Plotting & Theme Functions
Source:vignettes/plotting_theme_functions.Rmd
plotting_theme_functions.Rmd
Plotting Functions
When working on research projects or Understand phases, there is often a set of charts you will create at the beginning, and then at multiple points throughout the project. These charts will help you perform common exploratory data analysis (EDA) tasks to better understand your data and identify areas of investigation. Some of these charts sit naturally in other packages such as:
- {ParseR} - descriptive plots of text distributions e.g. Pairwise Correlations, n-gram plots, Weighted log-odds
- {SegmentR} - plots for topic modelling outputs e.g. top terms
- {ConnectR} - network visualisations e.g. Retweet network, mention network
Other plots which do not have a clear and obvious location, e.g. sentiment distributions, volume over time etc. will sit here in {DisplayR}. They most likely will not be the centrepiece of a delivery, and they should not be used as a substitute for thinking about the problem at hand and creating bespoke graphics when called for*. They do however represent valuable efficiency gains in the EDA workflow, and prime clients for a Capture Intelligence deck or delivery.

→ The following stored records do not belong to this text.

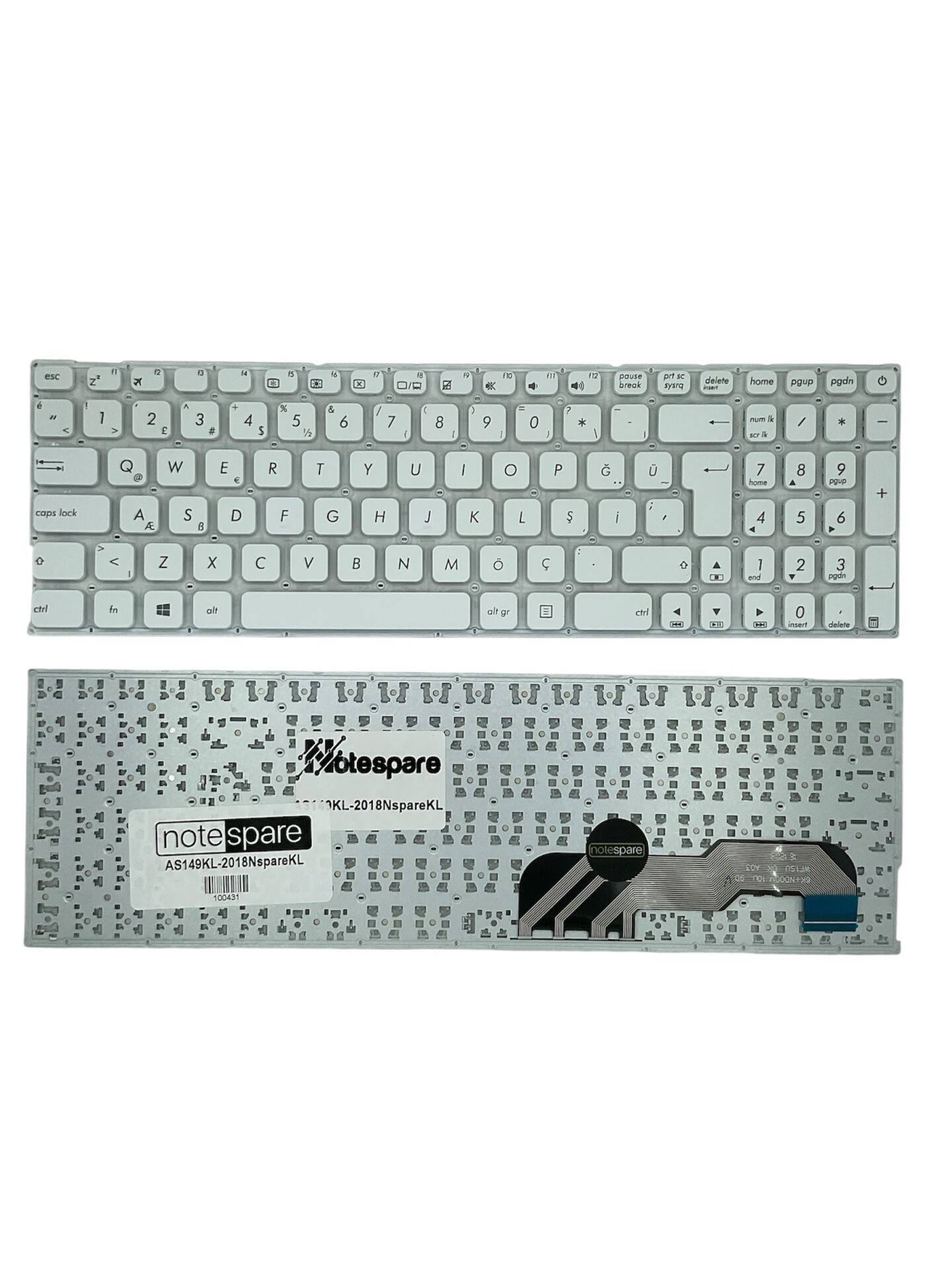 Asus ile Uyumlu X541, X541LA, X541LJ, X541N, X541NA, X541NC, X541S Notebook Klavye Beyaz TR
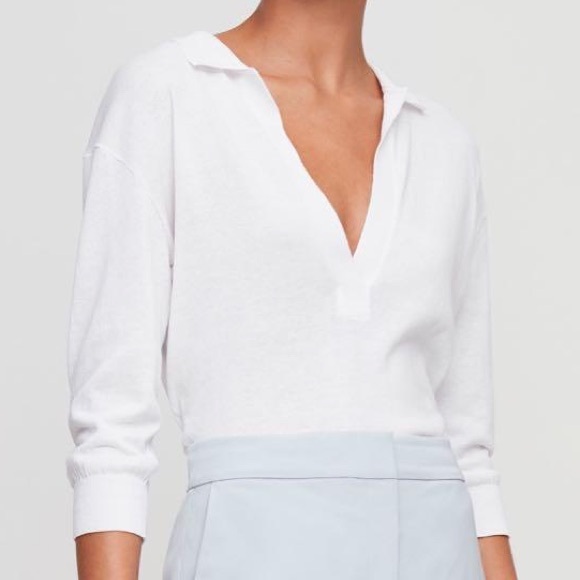 Babaton Sweaters - NEW Babaton Aritzia Kenny Knit Polo 3/4 Sleeve Sweater White Medium M NWT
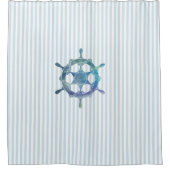 Nautical Sailboat Stripe Pattern Coastal  Douchegordijn (Voorkant)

*See the Capture Cookbook and Visualisation Guidelines for more information on creating Bespoke graphics and adhering to good data visualisation principles.
Volume Over Time
When working with the data from various Social Media APIs (Twitter, Facebook, Reddit etc.) there is usually a time stamp or date/time column, this column can be used to visualise when the conversation takes place and to identify when important changes in volume occur.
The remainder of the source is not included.